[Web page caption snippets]
|---|

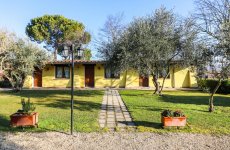 Visitez la page de Melazza ranch circolo ippico dans Cesano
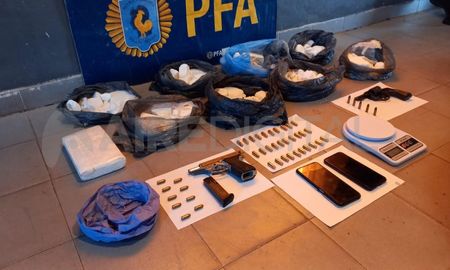 La Policía Federal secuestró nueve kilos de drogas, teléfonos y armas. La Policía Federal secuestró nueve kilos de drogas, teléfonos y armas.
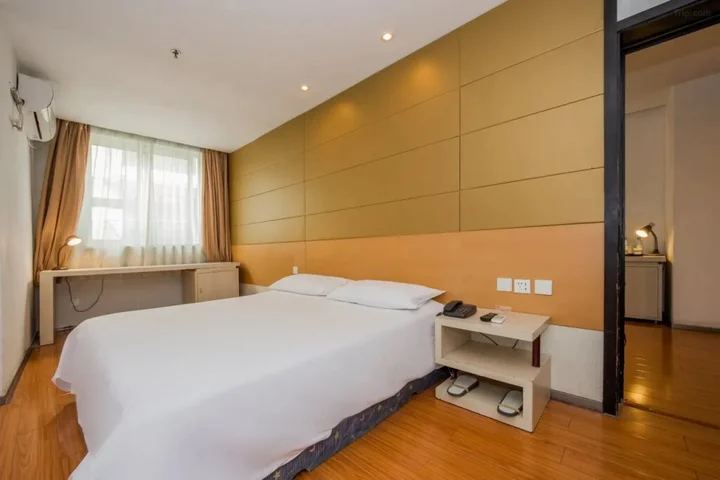 Шанхай: Motel 168 Sinan Road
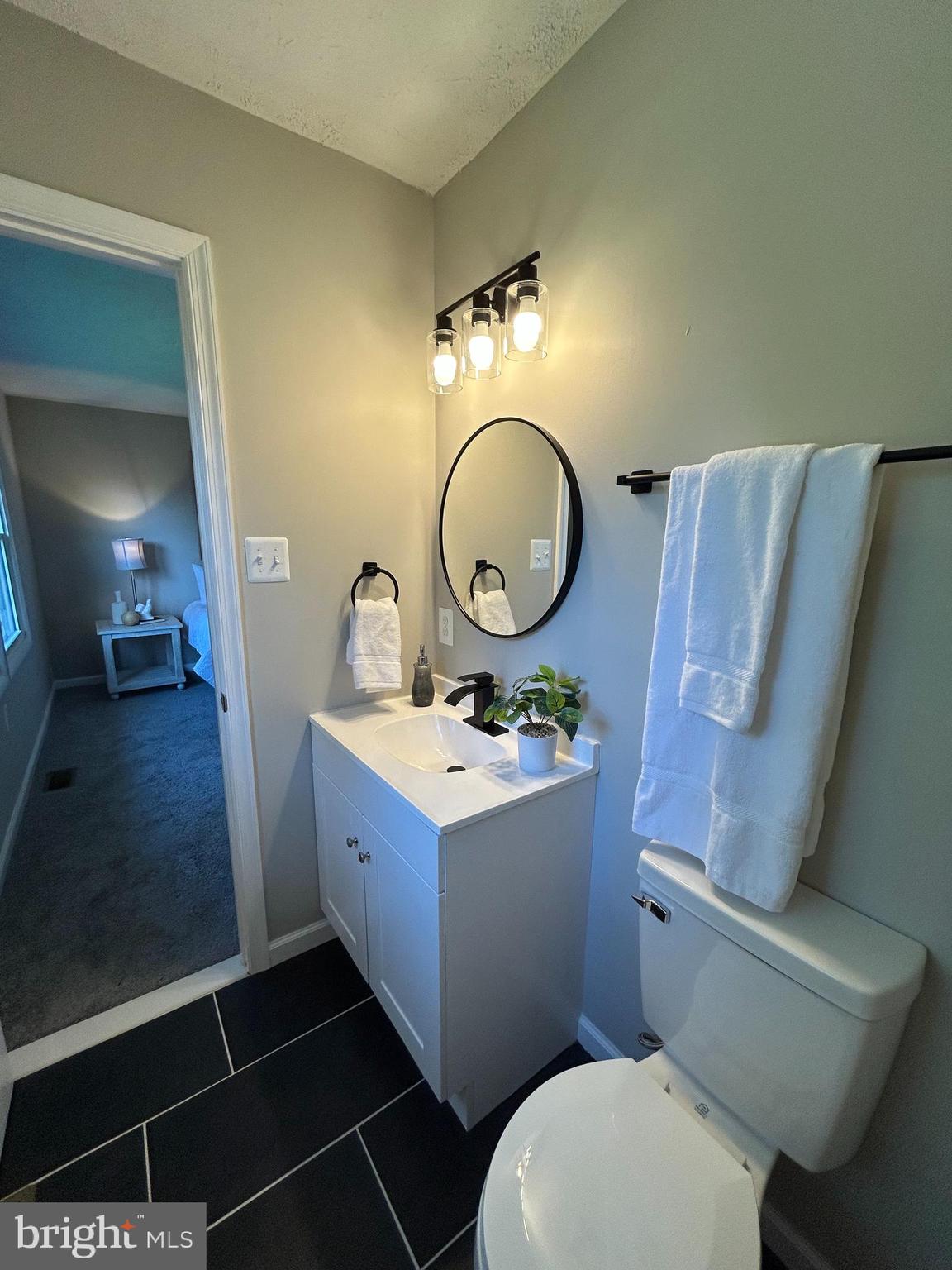 THE PROVINCES - Residential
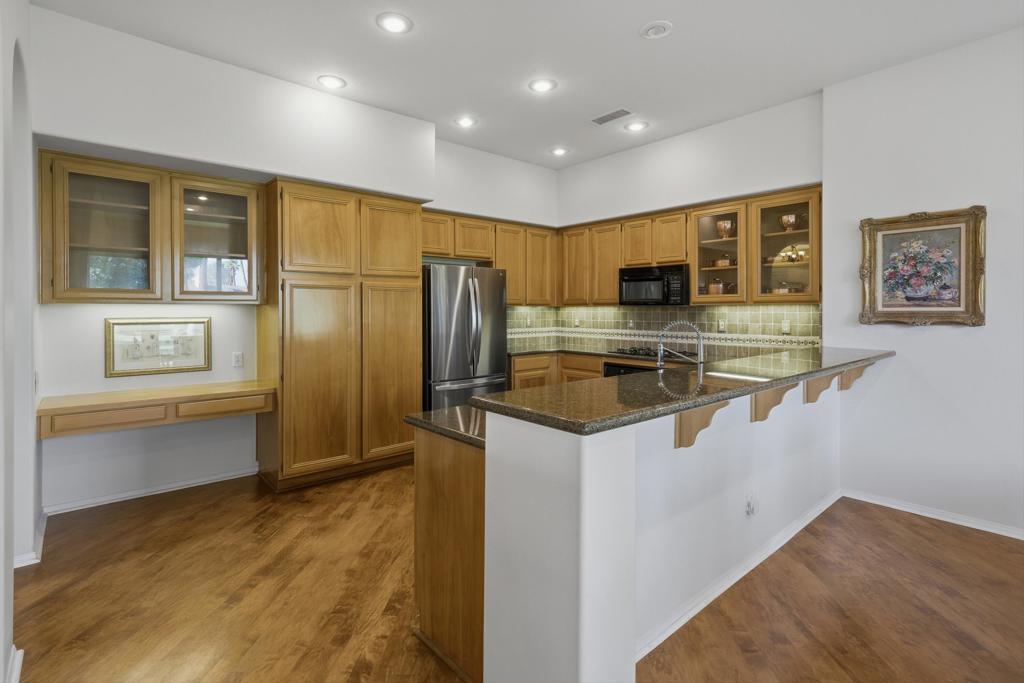 Mission Hills/Lake Front - Residential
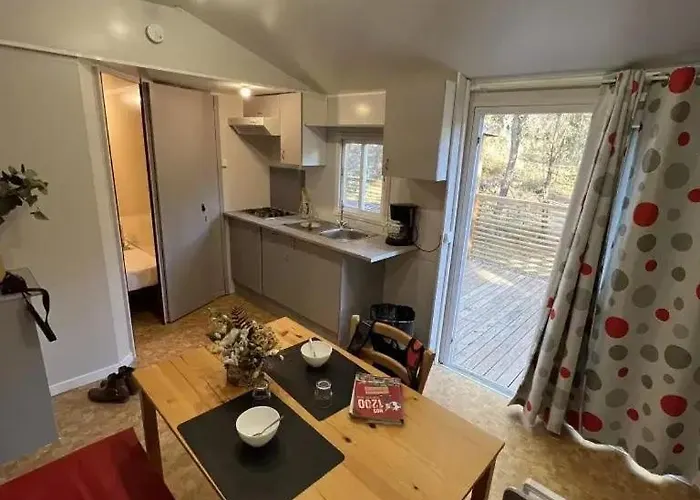 Zecamping 3 Dog Friendly Avec Piscine Dans Un Environnement Calme 3*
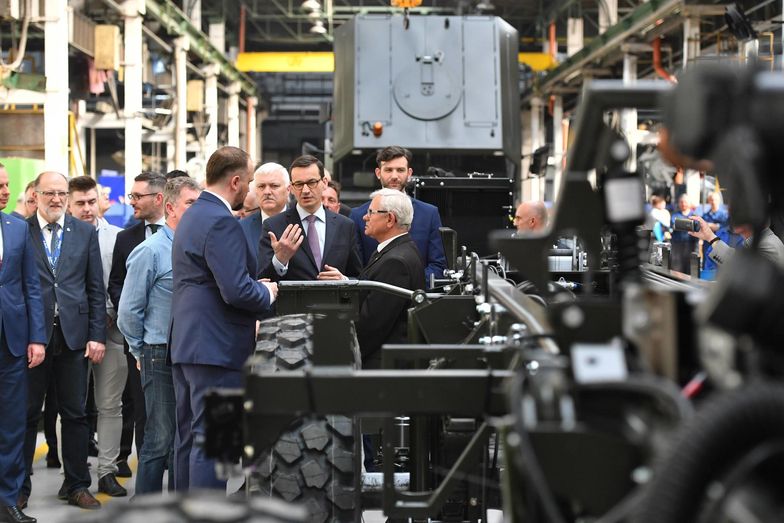 - Zmiany, które widzę w tym zakładzie, idą w dobrym kierunku - ocenił szef rządu.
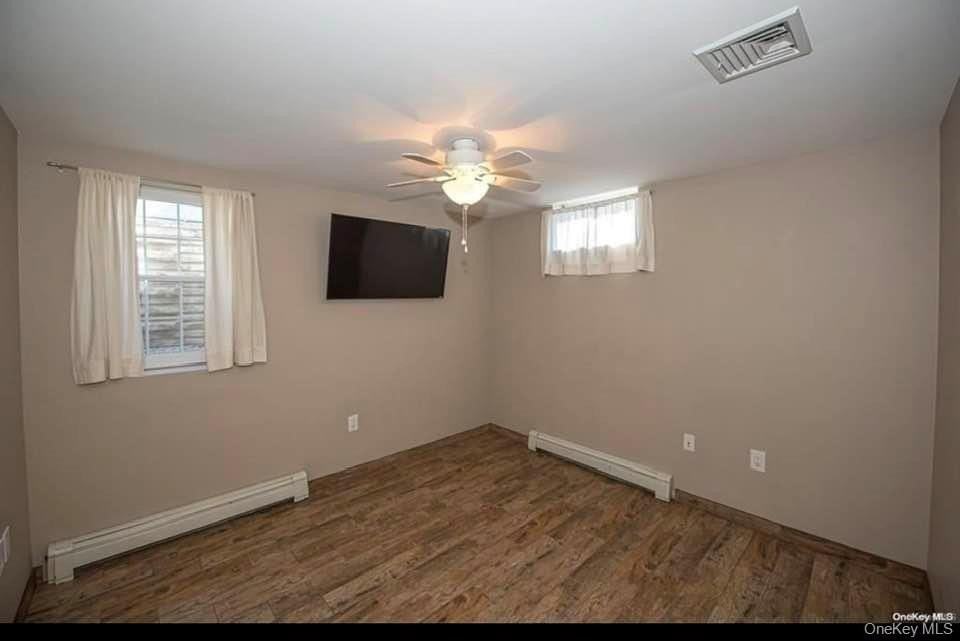16 Wildwood St - Photo 4 of 8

|---|

### Your assignment
Leave the pictures aside and transcribe only the lines from the one holding "THE PROVINCES - Residential" through the final line of the records above.

### Output below
 THE PROVINCES - Residential
 Mission Hills/Lake Front - Residential
 Zecamping 3 Dog Friendly Avec Piscine Dans Un Environnement Calme 3*
 - Zmiany, które widzę w tym zakładzie, idą w dobrym kierunku - ocenił szef rządu.
16 Wildwood St - Photo 4 of 8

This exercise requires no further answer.